If there is one area of the law where there are buckets full of numbers it’s in the area of Gun Law. Everyone has a number for something related to firearms…regardless of which side of the fence you might sit on when it comes to firearms and gun control.
The gun control advocates can put together statistics that prove their point in just about every situation. The same can be said for those who want less gun control and favor maintaining their 2nd Amendment rights. Regardless of which side of the argument you might be on, someone always has numbers to prove their point.
Rather than get mired down in debating whether or not a particular statistic is right or wrong or valid or invalid, maybe it’s time to think about this with a different angle…common sense.
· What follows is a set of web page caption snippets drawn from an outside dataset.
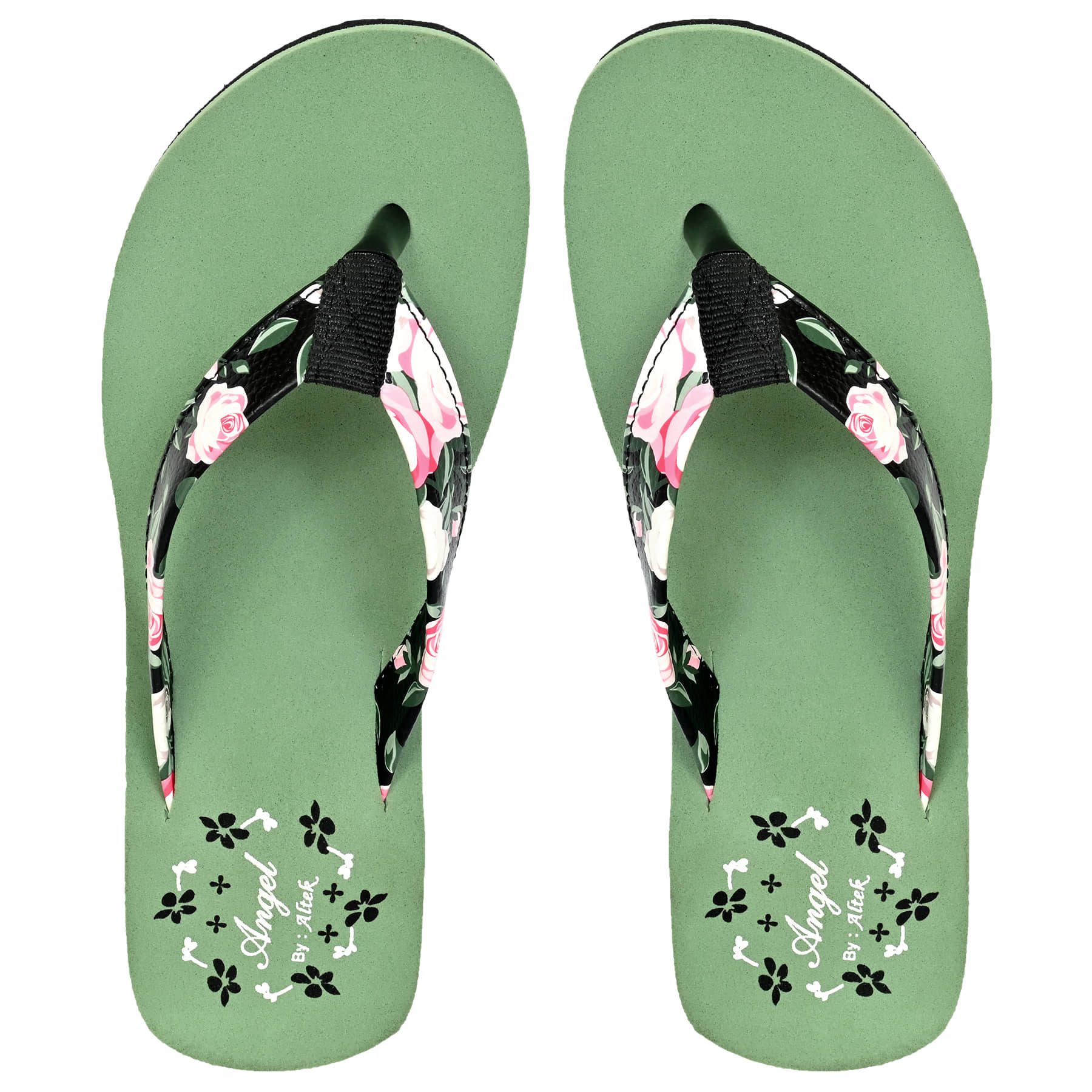 Altek Purple Women's Flip Flop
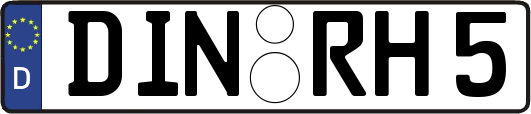 DIN-RH5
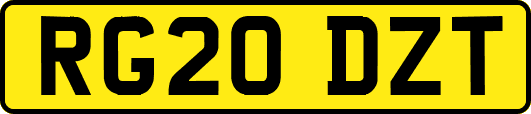 RG20DZT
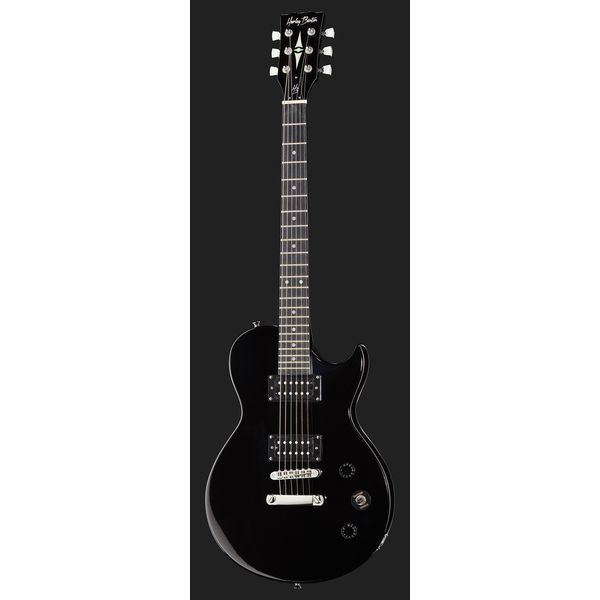 Harley Benton SC-200BK DNAFX AmP20 Set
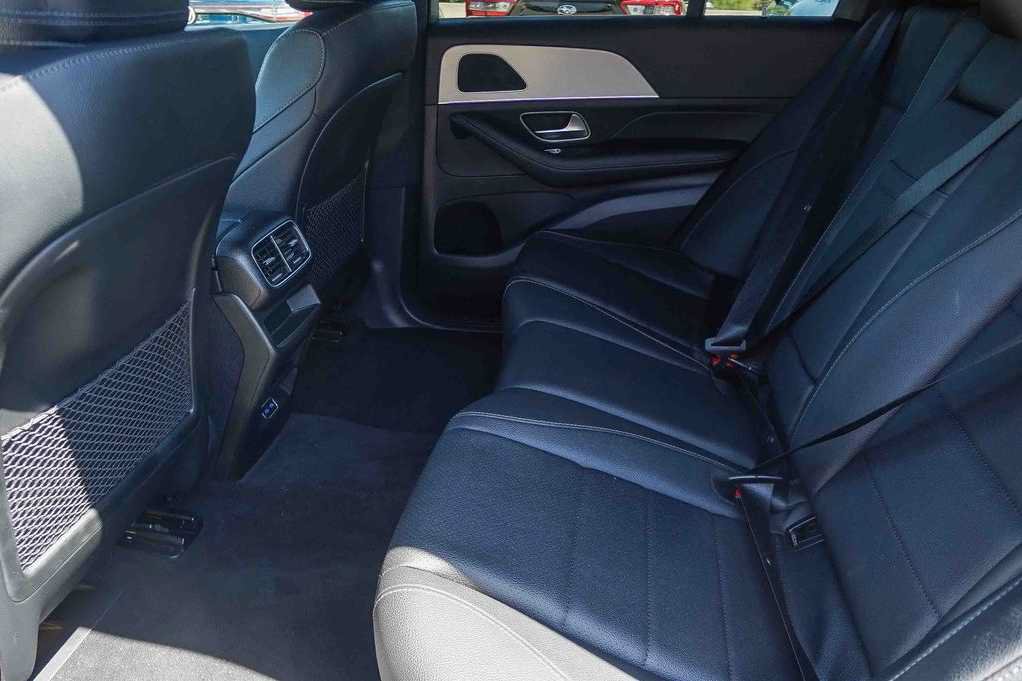 Used 2024 Mercedes-Benz GLE 350 4MATIC image 21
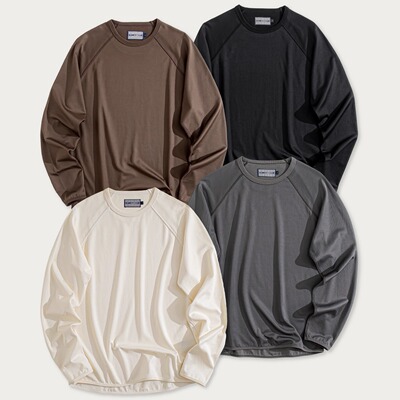 MT.Robson【4合一功能 吸湿速干】T恤跑步运动透气7A抗菌长袖男女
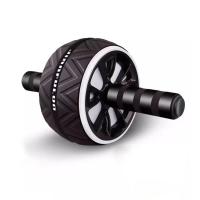 Rodillo De Ejercicio Para Gimnasio En Casa Equipo De Entrenamiento De Abdominales Y Core Rollo De Trabeculación Para Fortalecimiento General - details 8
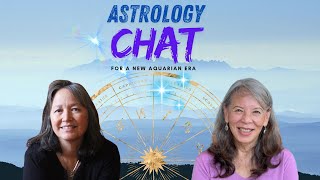 Meet Linda! Join us for an Inspired Astrology Chat on What is Happening Now? in 2025.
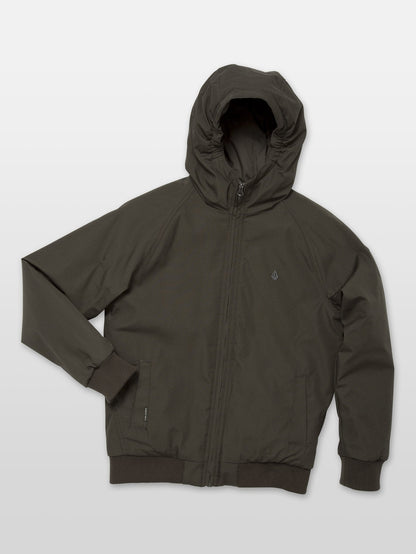 Hernan 5K Jacket - Lead (Children)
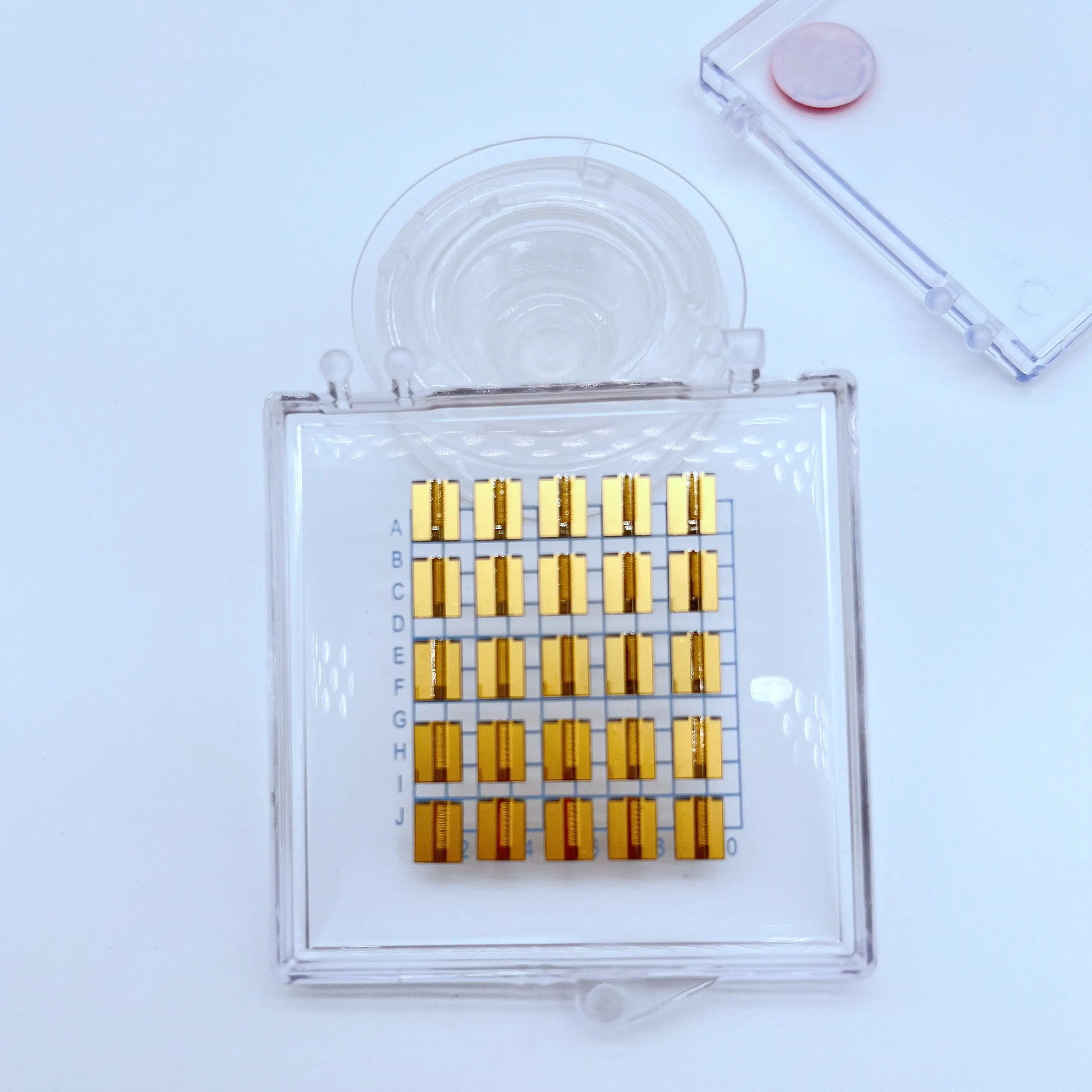 808 nm 3 W Single Emitter Laserdiode – COS-Paket, für Faserkupplungs- und Pumpenmodule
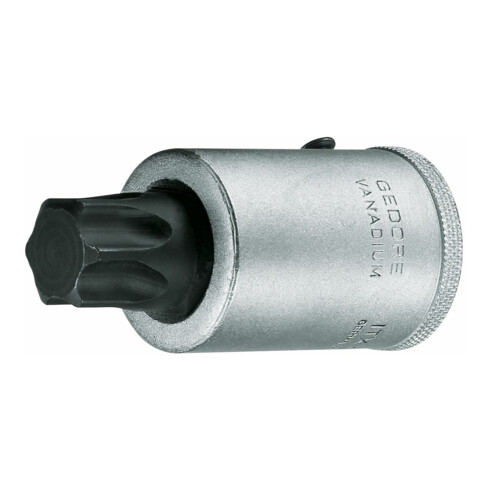 Tournevis Gedore embout femelle 3/8" intérieur TX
If someone comes up to you and gives you a statistic that is outrageous, your first instinct is to say this can’t be true. This is your common sense kicking into gear and asking normal questions about the numbers. You know deep down it is probably a number someone came up with using a unique combination of variables to prove their point and so you generally would ignore it or discredit it. This is your intuition and common sense coming into play and discounting the information.
But what if the number doesn’t seem too outrageous but a bit unbelievable? This is where most statistics get confusing and often times construed in such a way so as to prove the point the person is trying make. The same rule applies…if it doesn’t pass the common sense test for you, leave it alone. As an attorney, statistics become very powerful when making a point. The question is always, is this an isolated statistic that is being used to just prove a point or is it the big picture.
All too often we find a whole host of statistics surrounding a situation and someone pulls one or two they like out of the pile and makes a case around it. It isn’t giving you the entire picture and usually doesn’t pass the common sense test. Think of it this way…you bake a pie and use 5 different berries in the pie, each in its own area of the pie. If you cut a small piece out of each area and served it to your guests they would see that there are 5 different berries and would realize each berry represented 20% of the pie. But what if you just cut into one section of the pie and served it. Your guest would think it was only a blackberry pie or blueberry pie, depending on the berry they got. This would not be an accurate representation of the pie…similar to how many use isolated statistics to prove their point.
So the next time you read an article about gun laws, realize that most of the time someone is more than likely taking one slice out of the pie and trying to convince you it is a blackberry pie. Your common sense should tell you to look further and realize that there are other berries in the pie, other statistics that are part of the overall analysis. Do your homework when you see statistics…validate them with other research…check them against your common sense. In most cases you will realize they are just trying to serve you blackberries and ignoring the other 4 types of berries.
Be cautious and validate the numbers…the real story always comes out when all the berries in the pie are identified.